Но что делать дальше, он не знал. Построил небольшую печь с короткой трубой, в которой сжигал сухую траву, направлял горячий воздух внутрь шёлковой оболочки, отпускал свой шар в небо, держа за тонкую, но прочную верёвку. Вскоре горячий воздух остывал, и шар опускался на землю. Всё работало прекрасно, но как практически применить новое изобретение, китаец не знал.
Все свои усилия он тратил на то, чтобы получить более горячий воздух, который дольше не остывает. Его последние модели показывали относительно неплохую высоту и дальность, но этого всё равно было недостаточно для практического использования, да и сами по себе такие шары никакой опасности для противника не представляли.
Тут-то и подоспели мы с Димитриосом. Как оказалось, двести лет назад какой-то изобретатель соорудил некое подобие воздушного шара, но его изобретение не произвело впечатления на тогдашних правителей. Он не знал о существовании шёлка, поэтому оболочкой служила воловья шкура.

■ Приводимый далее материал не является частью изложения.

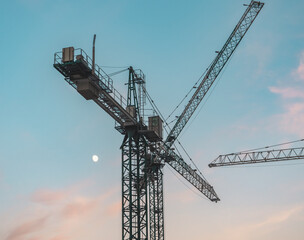 Crane silhouettes against pastel twilight sky with moon over construction site during evening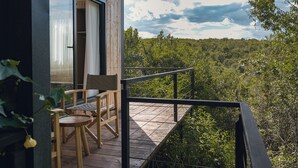 A wooden deck with a table and chairs, overlooking a forested landscape. - Aloe Valley (Ndaragwa)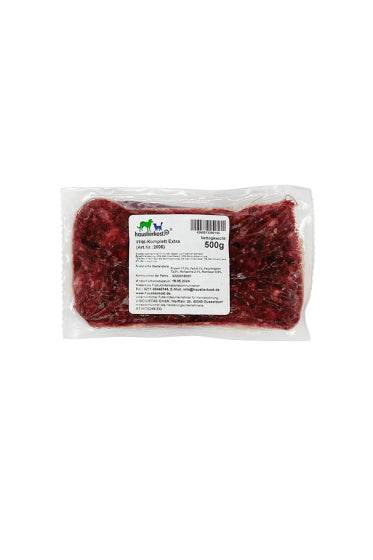 Wild-Komplett Extra, 500 g Verpackung für Hunde, enthält Reh und Hirsch mit Innereien und Knochen.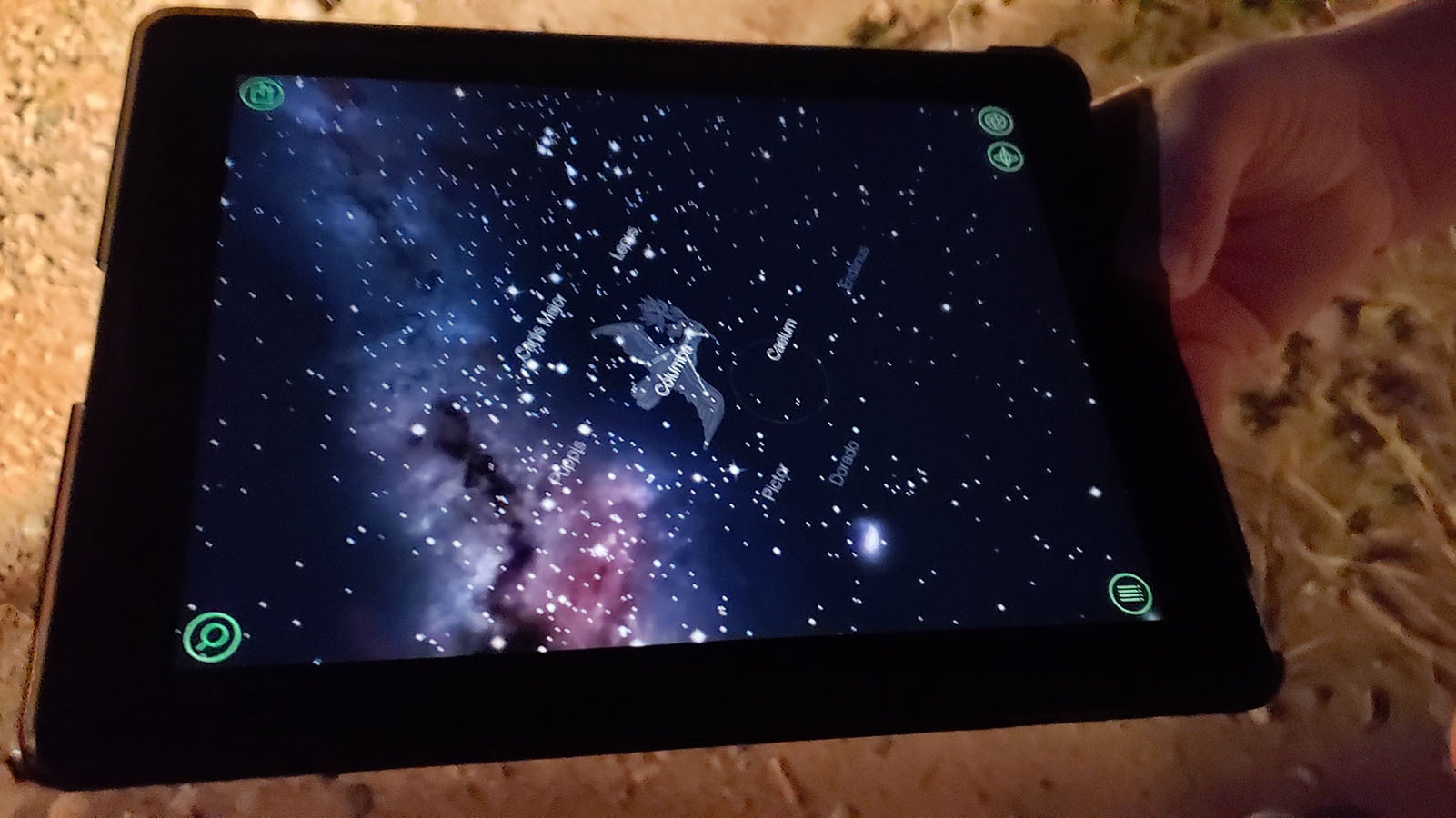 An iPad with an app that shows interesting things in whatever piece of sky its being pointed at. In this case since it's pointing at the ground and showing the starscape over China.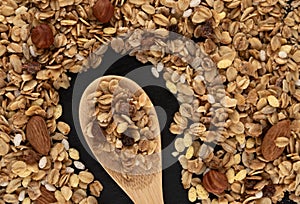 Homemade granola on black background, healthy breakfast of oatmeal muesli, nuts, seeds and dried fruit.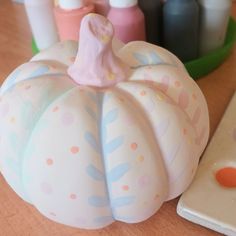 a cake shaped like a pumpkin sitting on top of a table next to other items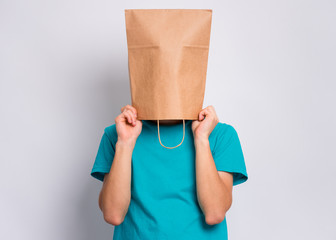 Portrait of teen boy with paper bag over head. Teenager cover head with bag holding hand near face posing in studio. Child pulling paper bag over head. - obrazy, fototapety, plakaty
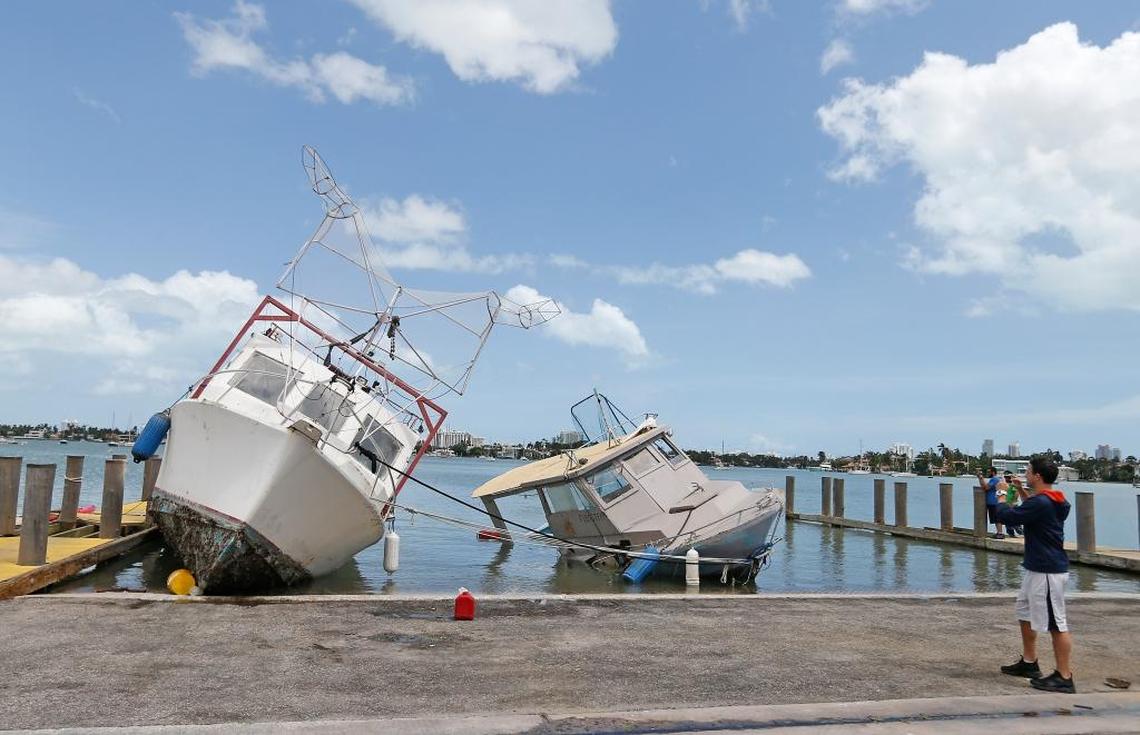 A man takes pictures of boats washed ashore at Watson Island in Hurricane Irma’s aftermath on Monday, September 11, 2017, in Miami.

Она имела большой вес и позволяла изготовить оболочку очень малого объёма, так как размеры имела ограниченные, а сшитые кустарным образом несколько шкур пропускали воздух, и были очень тяжелы, так что данная конструкция летала как крокодил из анекдота моих времён «низко-низко и недалеко».

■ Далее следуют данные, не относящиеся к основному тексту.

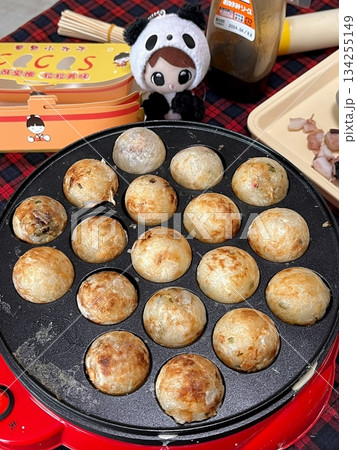 Takoyaki, a popular Japanese street food, are crispy round dough balls filled with octopus, tempura bits, and pickled ginger, topped with takoyaki sauce, bonito flakes, and aonori. Takoyaki, a popular Japanese street food, are crispy round dough balls filled with octopus, tempura bits, and pickled ginger, topped with takoyaki sauce, bonito flakes, and aonori. 134255149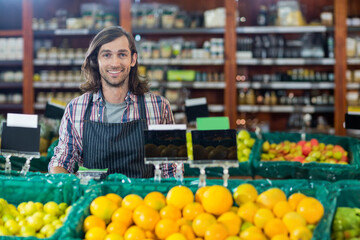 Mid adult male vendor standing behind green crates of oranges at grocery store with chalkboard tags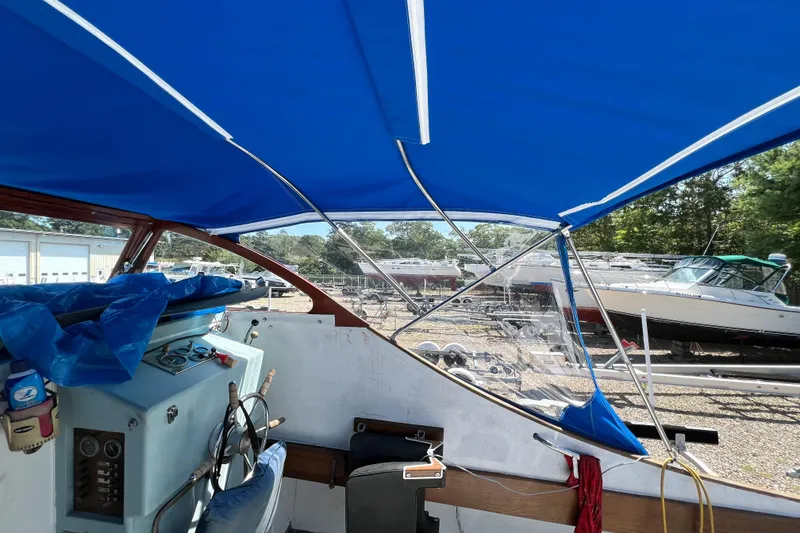 Slide: The Image of 1971 Dyer 29 classic downeast bass boat interior with blue canopy and control panel. - 22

Но зато неведомый греческий Икар додумался до того, что так и не смог постичь Икар китайский: подвесить под оболочкой плетёную корзину с небольшой печкой, способной поддувать горячий воздух в оболочку прямо в небе, тем самым увеличивая высоту и дальность полёта в разы.
Работа закипела. Димитриос и Чжимин целыми днями экспериментировали: приспосабливали плетёные корзины, конструировали лёгкие небольшие печи-горелки, искали наилучшие материалы для получения наивысшей температуры горения. Самое удивительное, что они как-то понимали друг друга, не используя при этом «универсальный переводчик» в виде кувшина фалернского.
Димитриос не пил вина вообще, что было довольно странно для грека, а Чжимин настолько увлекался процессом работы, что забывал о своём пристрастии, тем более что его друг Квинтий мотался по всему миру с торговыми экспедициями. Несколько раз в день изобретатели привлекали невозмутимую Мэйлинь, которая разъясняла и переводила непонятные моменты, а потом парочка какое-то время обходилась без неё. Китаянка при этом всегда была неподалёку, и в случае необходимости приходила на помощь.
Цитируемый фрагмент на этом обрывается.